From cslt Wiki
- LM count files still undelivered!
- Running 1200-3620 NN, graph generation is done. DT training should be done in 3 days.
- Iterative sparse sticky training runs. More sparsity is expected.
- online support
- garbage model training
- VAD optimization
DNN Confidence estimation
- Distribution graph is obtained. The performance seems bad.
- A possible reason is that the decoding is LM-based, and the confidence is only acoustic related. So (1) the errors in linguistic layer are not really errors in the acoustic layer (2) the search will automatically choose the almost-correct phones/states.
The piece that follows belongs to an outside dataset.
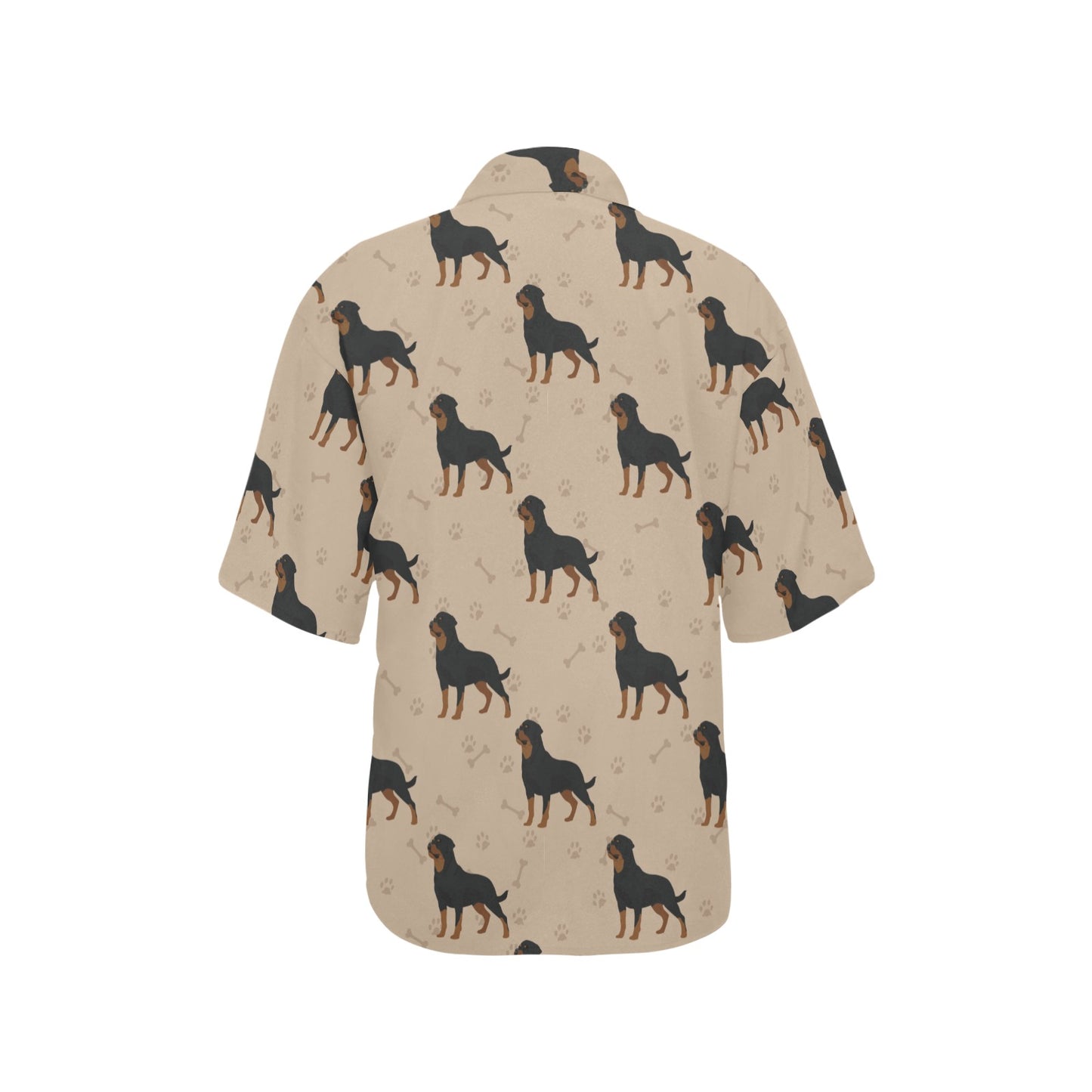 Rottweiler Pattern Print Design A01 Women's Hawaiian Shirt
- The conclusion is that the DNN confidence is most suitable for grammar-based applications, or at least LM information is not very strong.
- To be done:
- CI phone confidence, on going
- No-tone confidence, on going
- GFCC computing is highly slow. 100 hour speech costs 16 hour cpu time. RT is around 0.2. It is intolerable.
- GFCC-based DNN training for 100 hour speech data is done. Need to test the noise-robust performance in 2 days.
- the code is done. Simple testing is completed.
- Problem 1: CMN initialization is not perfect. Need to train a better initial CMN model.
- Problem 2: balance for posterior-based silence detection.
- G.fst integration is done. Initial test passed. Looks like the zero-probability is better for the NUM class.
- HCLG integration is done. A bug fixed, passed initial test.
- Online integration cost is 1 minute. Need to optimize.
- Need thorough testing with the Tencent test suite.
- Need to tune the subgraph feeding probability.